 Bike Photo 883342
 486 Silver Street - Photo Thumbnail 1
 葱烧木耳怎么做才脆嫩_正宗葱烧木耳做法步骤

════

Retype the data in full, exactly.

 Bike Photo 883342
 486 Silver Street - Photo Thumbnail 1
 葱烧木耳怎么做才脆嫩_正宗葱烧木耳做法步骤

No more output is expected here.